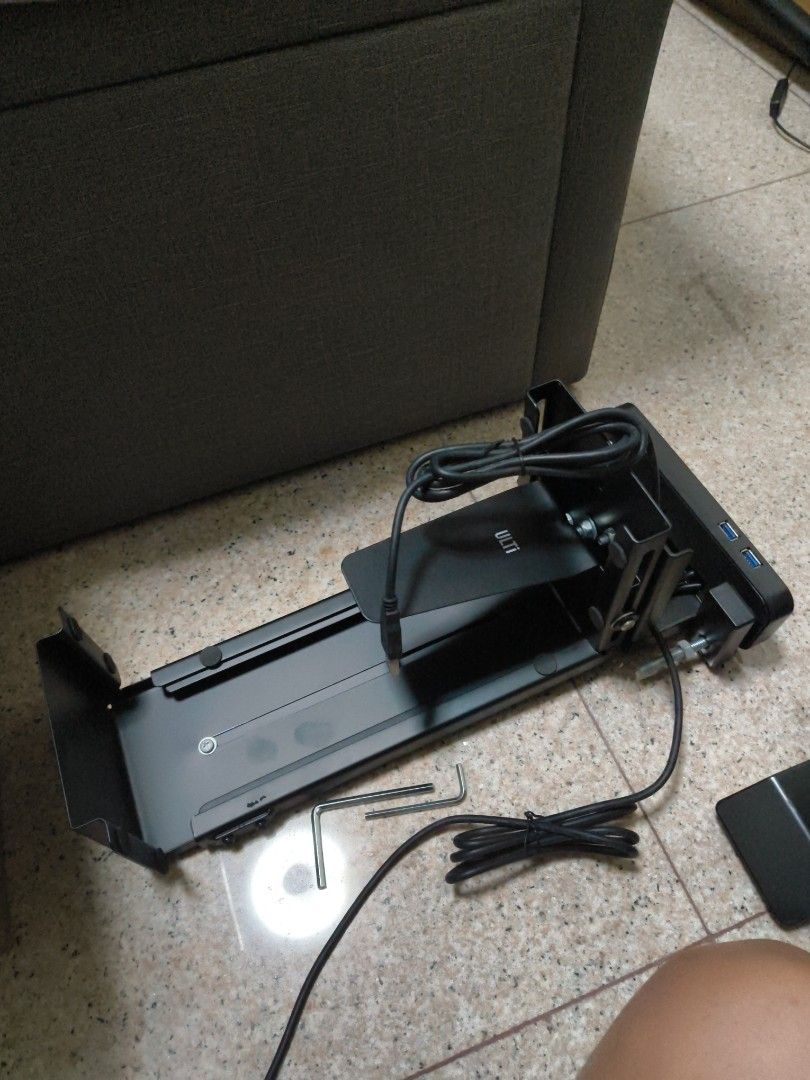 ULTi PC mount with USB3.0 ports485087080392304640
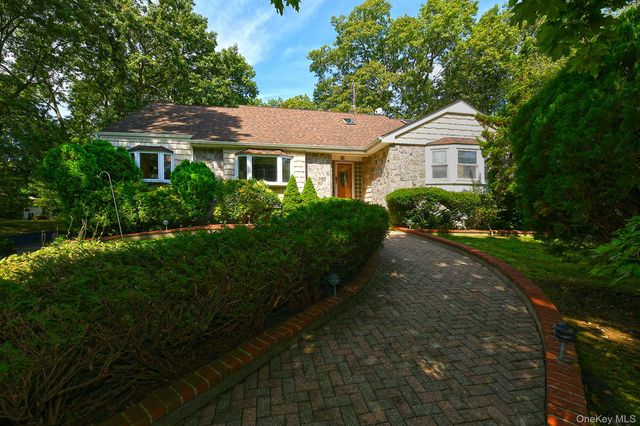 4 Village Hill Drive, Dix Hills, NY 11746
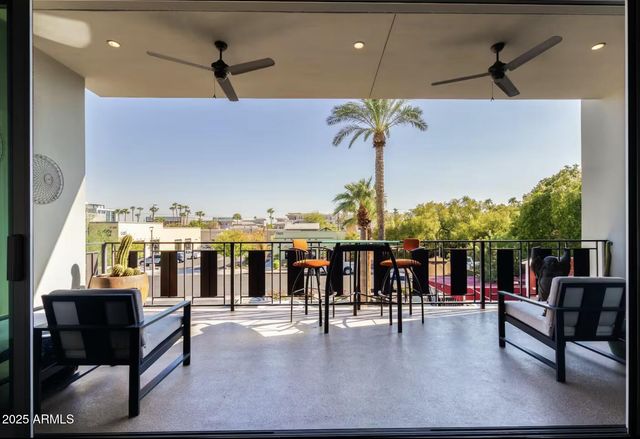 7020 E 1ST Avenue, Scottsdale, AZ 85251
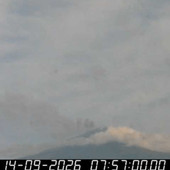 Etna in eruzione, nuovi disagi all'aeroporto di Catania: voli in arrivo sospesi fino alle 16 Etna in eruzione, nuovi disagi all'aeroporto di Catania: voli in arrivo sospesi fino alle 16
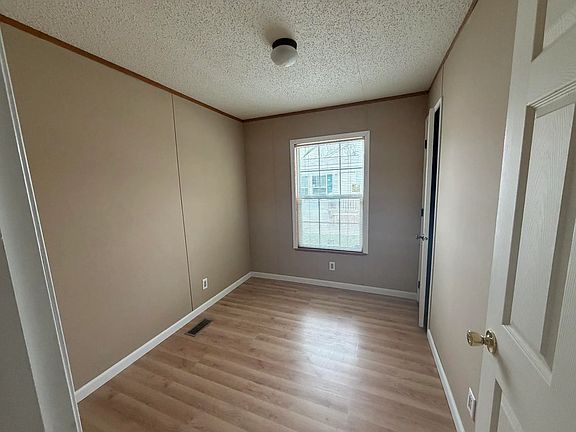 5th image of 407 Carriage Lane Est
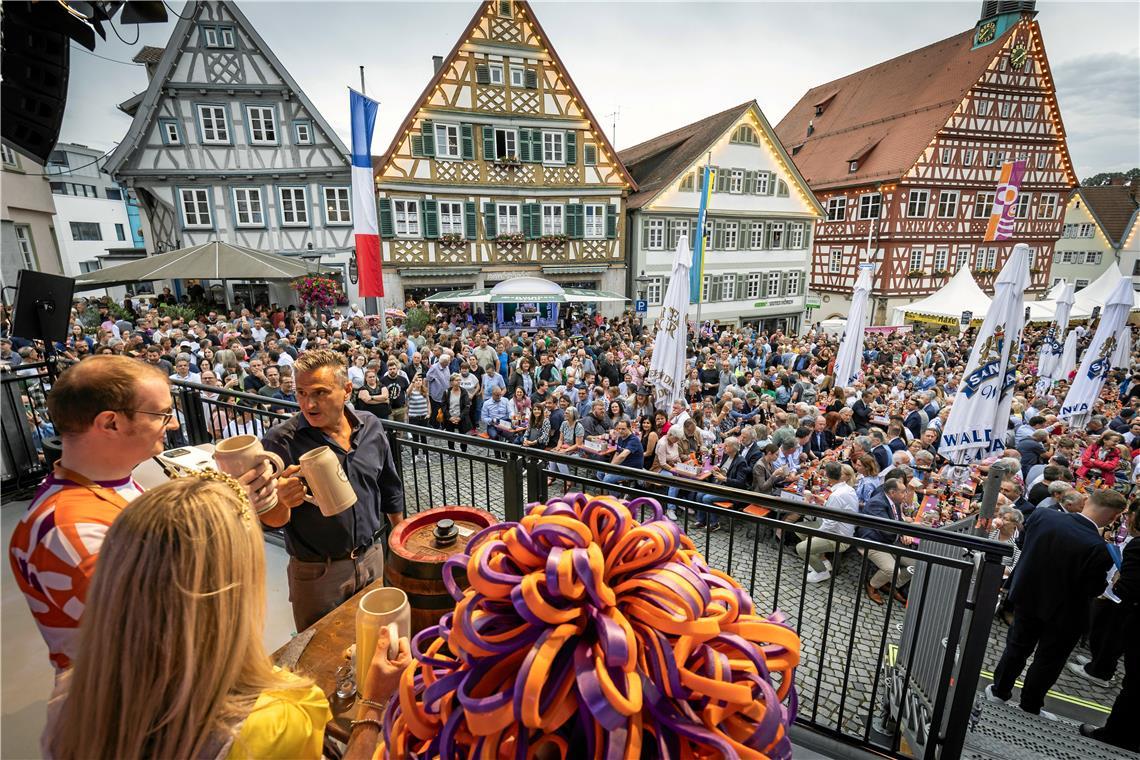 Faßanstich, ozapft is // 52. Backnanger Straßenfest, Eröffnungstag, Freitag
━━━━━━━━━━━━━━━━━━━━
Task to carry out
Please print, exactly as given, the lines running from the beginning of the listing through the line containing "7020 E 1ST Avenue, Scottsdale, AZ 85251", omitting each picture.

Response below
 ULTi PC mount with USB3.0 ports485087080392304640
 4 Village Hill Drive, Dix Hills, NY 11746
 7020 E 1ST Avenue, Scottsdale, AZ 85251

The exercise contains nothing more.